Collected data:
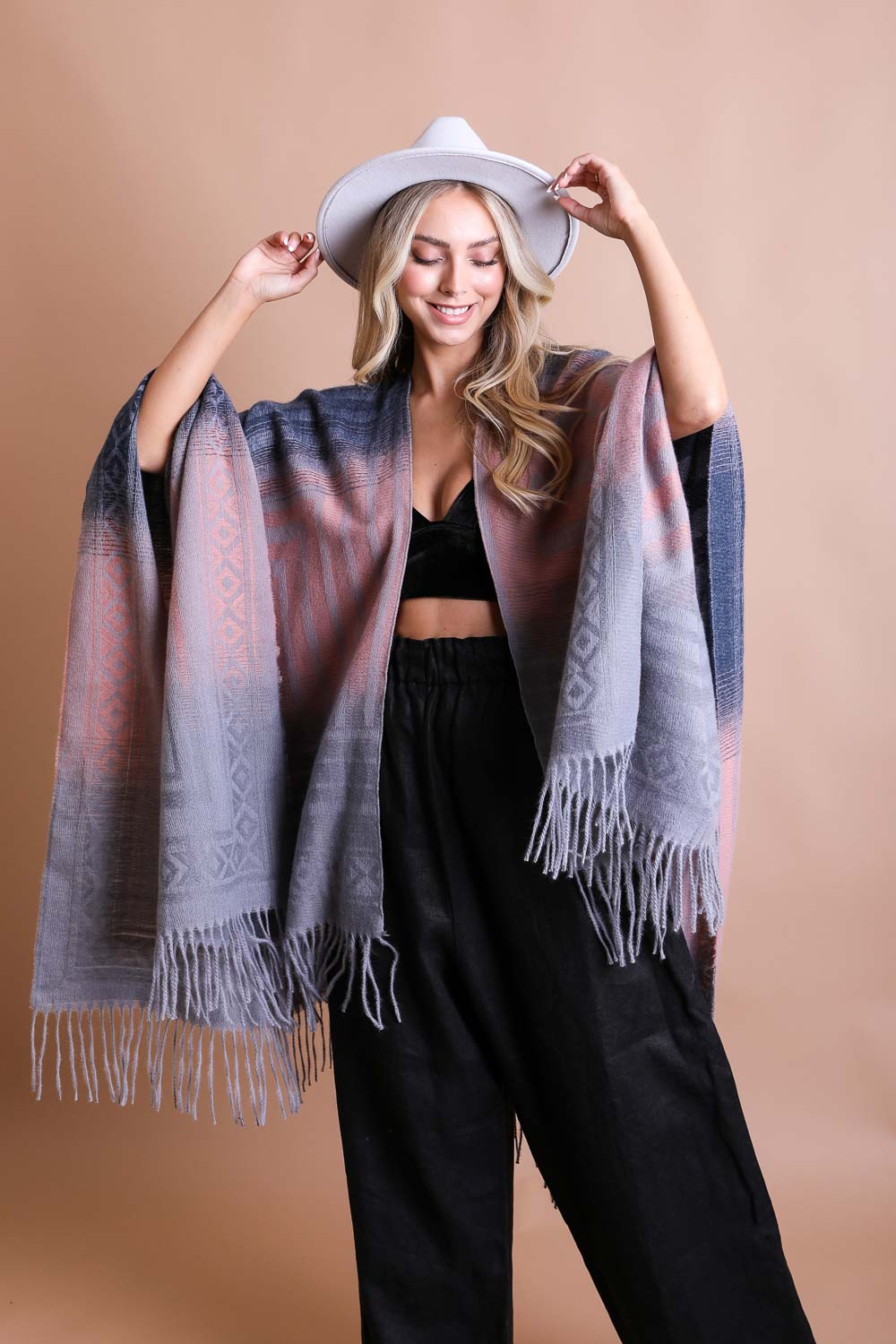 Western Style Colorblend Tassel Serape - Wear and Wander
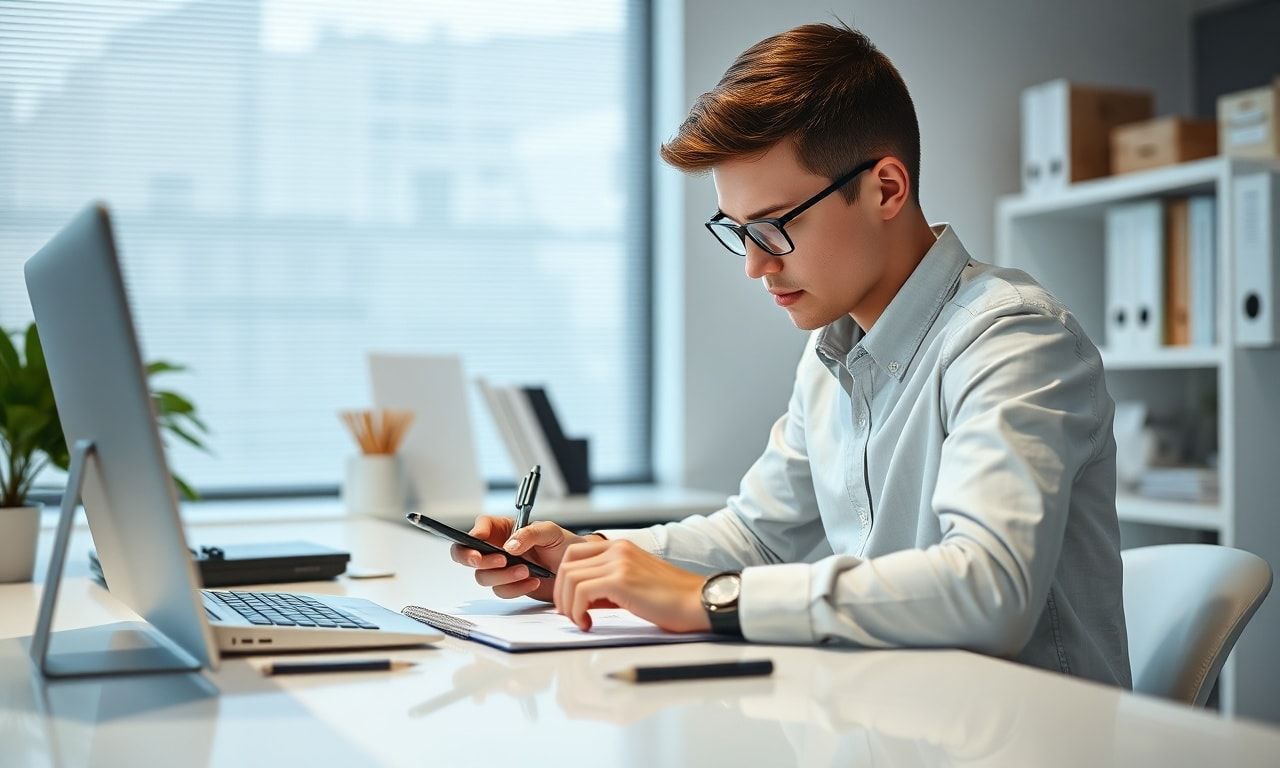 月20万円の計算をする様子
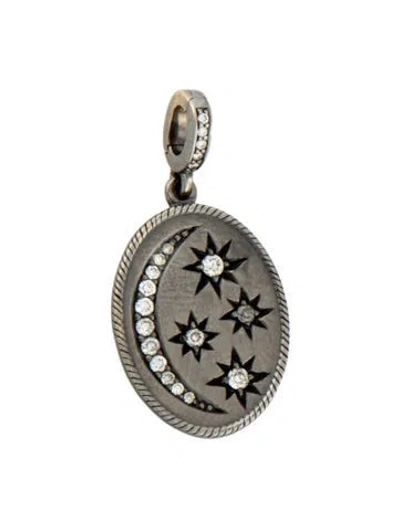 Pre-owned Penny Preville 18k Diamond Oval Moon & Star Medallion, 1.25" In Multicolor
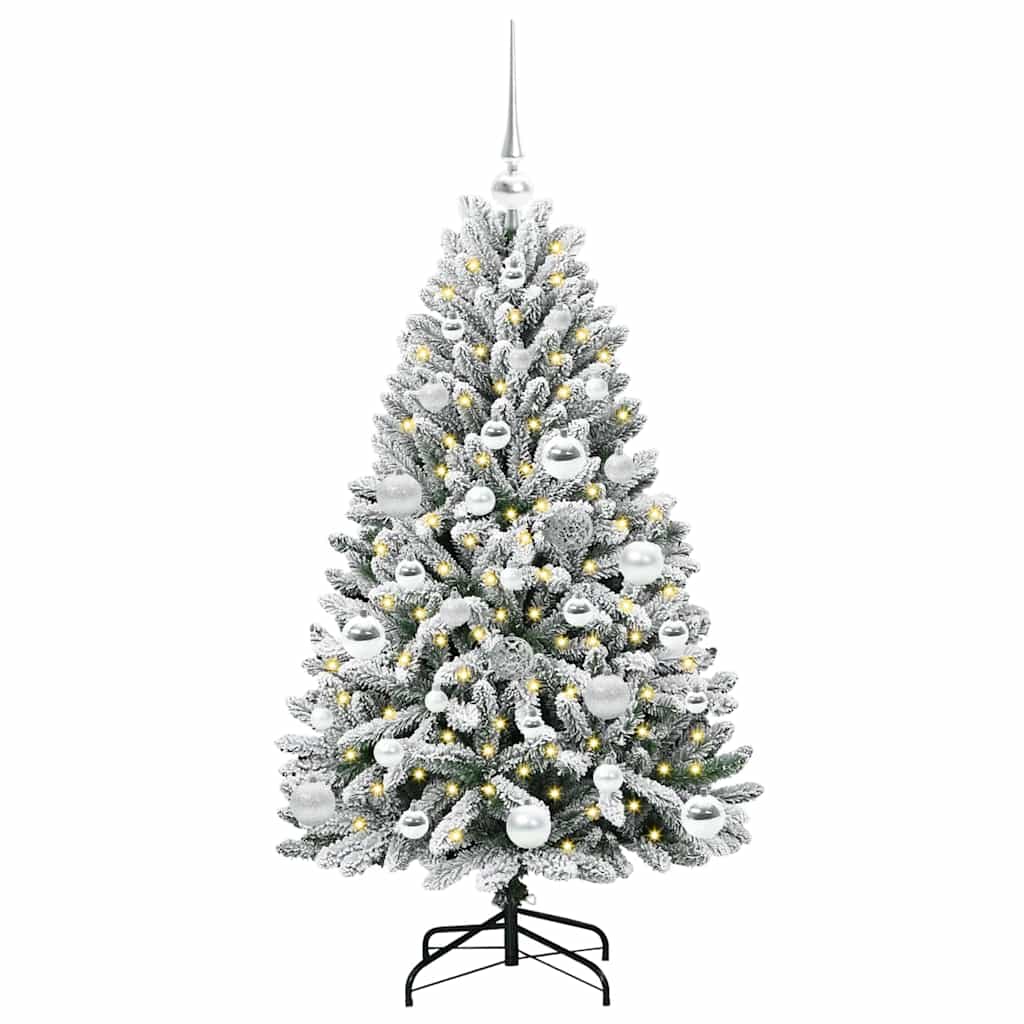 Vidaxx sapin de Noël artificiel avec 150 LED vert et blanc, 120 cm PVC et métal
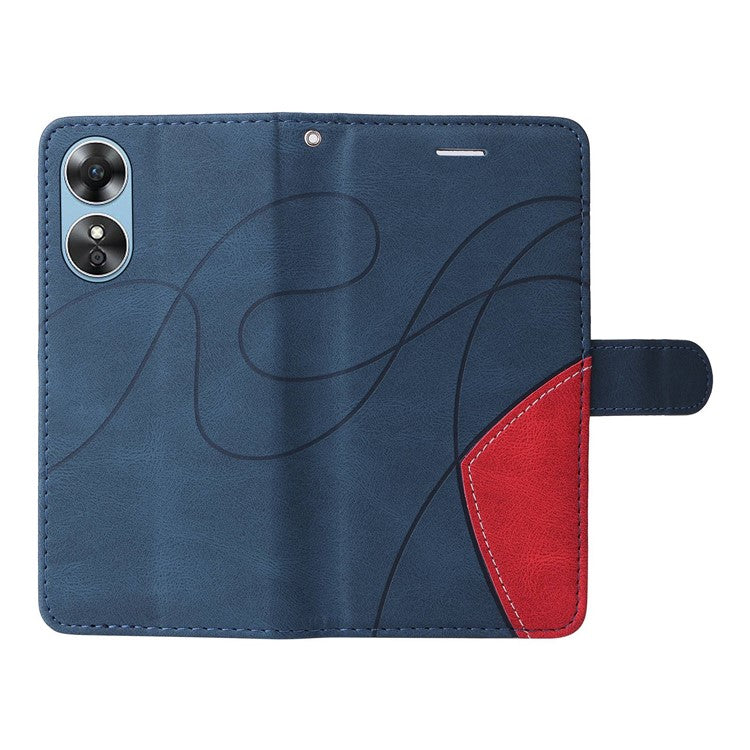 KT Leather Series-1 Phone Case for Oppo A17 4G / A17k 4G , Dual-color Splicing PU Leather Stand Wallet Cover - Blue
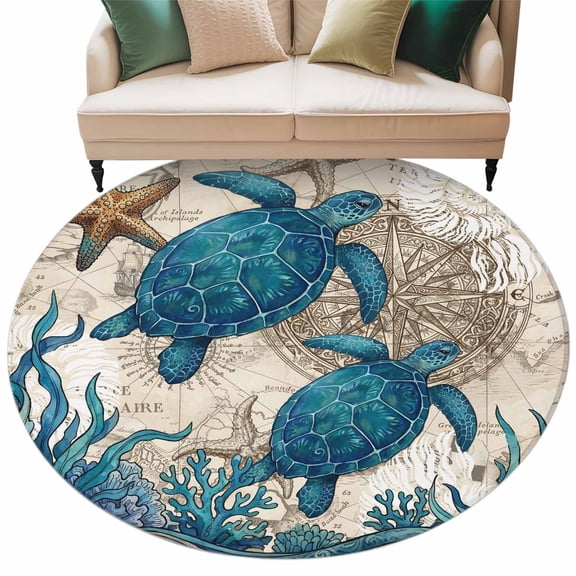 Nautical Coastal Round Rug 7ft Washable Circle Rugs Non Slip Retro Marine Life Turtle Map Compass Beige Large Area Rug Indoor Floor Carpet for Bedroom Kitchen Living Room Office Dining Room Nursery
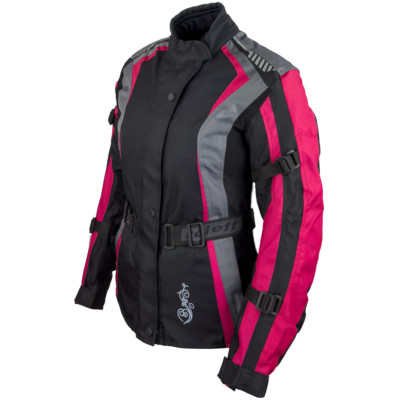 Roleff Racewear Ladyfit - Damen Textil Motorradjacke mit Protektoren & Membrane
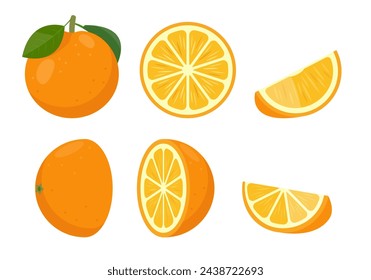 Fresh orange fruit set. Whole orange with leaves, oranges slices and cut orange fruit. Organic fruits for juice or vitamin C healthy food. Vector illustration isolated on white background.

- **PROBLEM DETAILS**
Repeat the data above in full and exactly. Omit every image.

- **ANSWER BOX**
 Western Style Colorblend Tassel Serape - Wear and Wander
 月20万円の計算をする様子
 Pre-owned Penny Preville 18k Diamond Oval Moon & Star Medallion, 1.25" In Multicolor
 Vidaxx sapin de Noël artificiel avec 150 LED vert et blanc, 120 cm PVC et métal
 KT Leather Series-1 Phone Case for Oppo A17 4G / A17k 4G , Dual-color Splicing PU Leather Stand Wallet Cover - Blue
 Nautical Coastal Round Rug 7ft Washable Circle Rugs Non Slip Retro Marine Life Turtle Map Compass Beige Large Area Rug Indoor Floor Carpet for Bedroom Kitchen Living Room Office Dining Room Nursery
 Roleff Racewear Ladyfit - Damen Textil Motorradjacke mit Protektoren & Membrane
 Fresh orange fruit set. Whole orange with leaves, oranges slices and cut orange fruit. Organic fruits for juice or vitamin C healthy food. Vector illustration isolated on white background.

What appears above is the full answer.